Welcome to the Mwalimu Julius Nyerere Leadership School in Kibah, Pwani Region, Tanzania, where China trains leaders and cadres of six African parties: Tanzania’s Chama Cha Mapinduzi (CCM), South Africa’s African National Congress (ANC), the Mozambican Mozambique Liberation Front (FRELIMO), Angola’s Popular Movement for the Liberation of Angola (MPLA), Namibia’s South West Africa People’s Organisation (SWAPO), and Zimbabwe African National Union–Patriotic Front (ZANU-PF). And thanks to “Axios” and the Danish newspaper “Politiken” who have visited the school and published a report on why and how China uses it.
In theory, the six states whose ruling parties send their cadres to be trained in Kibah have democratic elections. In practice, the ruling parties never lose them. It is to those “differently democratic” countries that China offers the model of the Chinese Communist Party (CCP).
Chinese teachers explain that the fact that a revolutionary party has ruled for decades does not guarantee it will rule forever—look at what happened in Eastern Europe—and measures to make the respective African countries more similar to China should be adopted urgently. Those include firmly rejecting the “Western” theory of the separation of powers and the independence of the judiciary, submitting all institutions to the ruling party, and avoiding any dangerous development of civil society (including religion). That elections should not be “free” in the Western sense of the word is taken for granted.
Where these ideas come from is not hidden. There is even a mandatory course on “Xi Jinping Thought.” All this is part of Xi Jinping’s grand project of exporting the Chinese model of totalitarianism to developing countries, separating them from the West not only economically and politically but also ideologically. Xi Jinping, unlike some Westerners, perfectly understands the importance of ideology, and that ideas generate facts more often than vice versa.
In the eyes of Xi Jinping, including new countries in the BRICS is another tool to be used for the same aim, although countries like India and Saudi Arabia, in addition to a Russia weakened by the war, have their own ideologies that are not the same as Beijing’s.
“Bitter Winter” has a special interest in religious liberty, and initiatives like China’s involvement in the Tanzanian political school have their dangers for freedom of religion or belief too.

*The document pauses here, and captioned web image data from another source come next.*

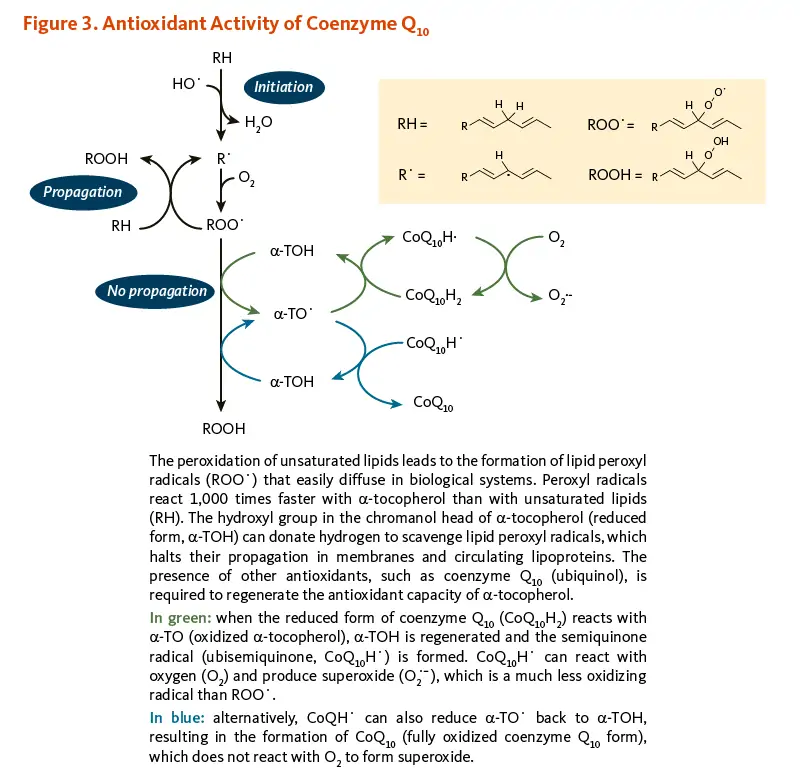 Antioxidant Activity of Coenzyme Q10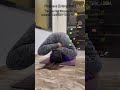 "Follow/Subscribe For Daily Yoga Poses and Benefits"#yoga #yogapractice #youtubeshorts #viral#peace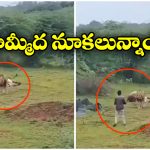 Viral Video: చావుకు షేక్ హ్యాండ్ ఇవ్వడం అంటే ఇదే, సింహం తినే మూడ్ లో లేకపోతే..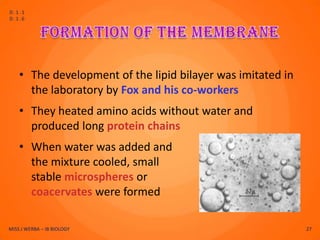 D.1.1
D.1.6




    • The development of the lipid bilayer was imitated in
      the laboratory by Fox and his co-workers
    • They heated amino acids without water and
      produced long protein chains
    • When water was added and
      the mixture cooled, small
      stable microspheres or
      coacervates were formed

MISS J WERBA – IB BIOLOGY                                    27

China surely teaches and promotes internationally its model of control of religion, as part of the broader control of civil society, and eradication of movements perceived as not supporting the regime and blacklisted as “xie jiao.” After the tragedy of Kenya’s Good News International Church, several African countries vowed to control religion more strictly and to fight “cults,” using the few groups that may really have committed crimes as a pretext to restrict religious liberty in general.
Speaking of BRICS, interestingly one of the new countries that have joined the club is Argentina, where anti-cultism is being officially adopted by the government with arguments very similar to the Chinese official propaganda against the xie jiao and its Russian counterpart targeting “extremist” or “undesirable” religious movements. That these arguments are also popular in genuinely democratic countries such as France or Japan shows that the front of the enemies of freedom of religion or belief is more complicated than some may believe. It does not deny, however, that China and Russia use their criticism of “bad” religions and theories that more control is needed on religion as another tool to affirm their hegemony on a large number of countries.